Though the building alone covers a whopping 11 acres, you can't even see Microsoft (NSDQ: MSFT)'s new $550 million data center in the hills west of San Antonio until you're practically on top of it. But by that point, you can hardly see anything else.
These days, the massive data center is a bustling construction zone where visitors have to wear hardhats, helmets, orange safety vests, goggles and gloves. By September, it'll be the newest star in Microsoft's rapidly expanding collection of massive data centers, powering Microsoft's forays into cloud computing like Live Mesh and Exchange Online, among plenty of other as-yet-unannounced services. Pulling in, visitors are stopped by Securitas guards who check IDs and ask if they work for Microsoft. An incomplete gate marks the way. Microsoft's general manager of data center services, Mike Manos, won't say exactly what security measures will be in place when the data center opens, but won't rule anything out. "Will the gates be able to stop a speeding Mack truck?" I ask. "Or more," he responds. "Will you have biometrics?" "We have just about everything."
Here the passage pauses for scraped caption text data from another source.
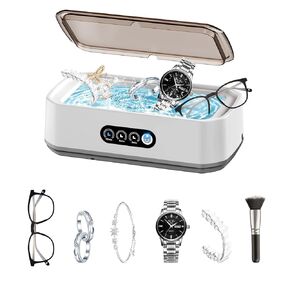 Ultrasonic Jewelry Cleaner, 50kHz Professional Portable Jewelry Cleaner Ultrasonic Machine with 3 Timer Modes, 22 oz Ultrasonic Cleaner for Eyeglasses,Rings,Watch Straps,304 Stainless Steel Water Tank in Saudi Arabia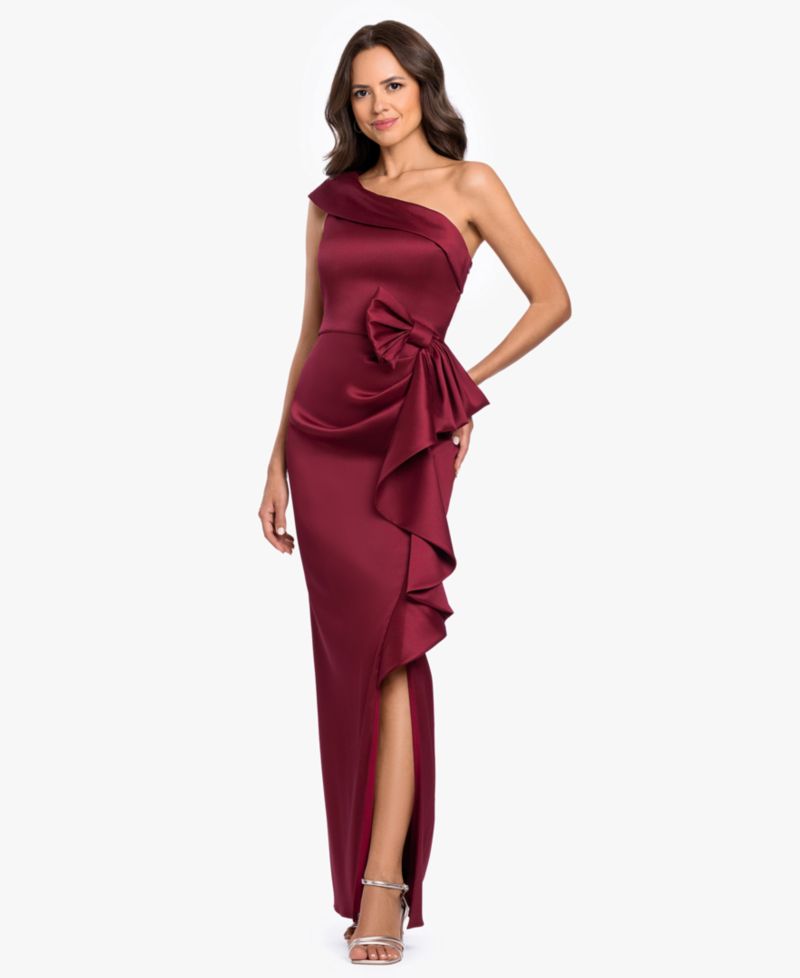 Women's Arcadia One-Shoulder Side Bow Ball Gown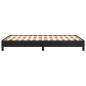vidaXL Bettgestell Schwarz 120x190 cm Kunstleder vidaXL Bettgestell Schwarz 120x190 cm Kunstleder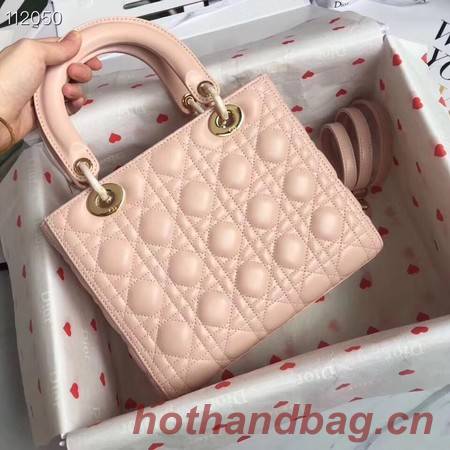 LADY DIOR LAMBSKIN BAG CAL44550 pink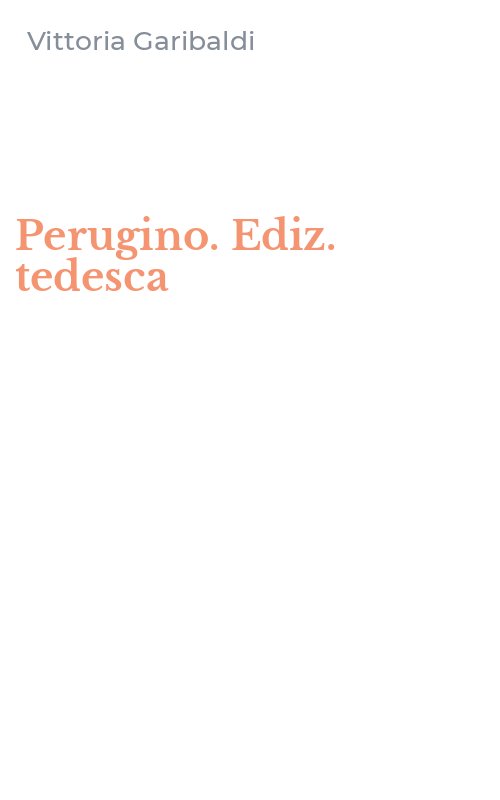 Perugino. Ediz. tedesca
As the car rounds the bend beyond the gate, the building sweeps into full view. The San Antonio data center building itself is 475,000 square feet, or about 11 acres. It's a 1.3 mile walk to circumnavigate the building. To get a perspective on that, it's one building that's the size of almost 10 football fields laid out side-by-side, or 1/10th the floor space of the entire Sears Tower, covered with servers and electrical equipment. "I thought I understood what scale looked like," Manos says.